Instructions for the task →
What are the lines, copied exactly, from the one containing "Arabic crescent resin" through the last line of the records below, both included?

Top of Extracted information

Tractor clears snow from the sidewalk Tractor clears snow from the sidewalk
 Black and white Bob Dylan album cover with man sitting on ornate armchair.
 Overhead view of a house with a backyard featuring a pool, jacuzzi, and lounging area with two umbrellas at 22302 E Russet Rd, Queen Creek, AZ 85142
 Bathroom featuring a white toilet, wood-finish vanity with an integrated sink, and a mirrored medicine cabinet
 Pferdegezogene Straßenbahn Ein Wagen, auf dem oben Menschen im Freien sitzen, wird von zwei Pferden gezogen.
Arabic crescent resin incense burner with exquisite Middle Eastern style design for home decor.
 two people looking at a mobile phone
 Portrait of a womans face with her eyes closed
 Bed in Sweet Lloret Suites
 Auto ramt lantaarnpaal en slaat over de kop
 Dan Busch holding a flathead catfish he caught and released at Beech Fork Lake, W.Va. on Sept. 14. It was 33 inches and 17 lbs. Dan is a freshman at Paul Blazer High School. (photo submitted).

Bottom of Extracted information

Answer for this exercise →
Arabic crescent resin incense burner with exquisite Middle Eastern style design for home decor.
 two people looking at a mobile phone
 Portrait of a womans face with her eyes closed
 Bed in Sweet Lloret Suites
 Auto ramt lantaarnpaal en slaat over de kop
 Dan Busch holding a flathead catfish he caught and released at Beech Fork Lake, W.Va. on Sept. 14. It was 33 inches and 17 lbs. Dan is a freshman at Paul Blazer High School. (photo submitted).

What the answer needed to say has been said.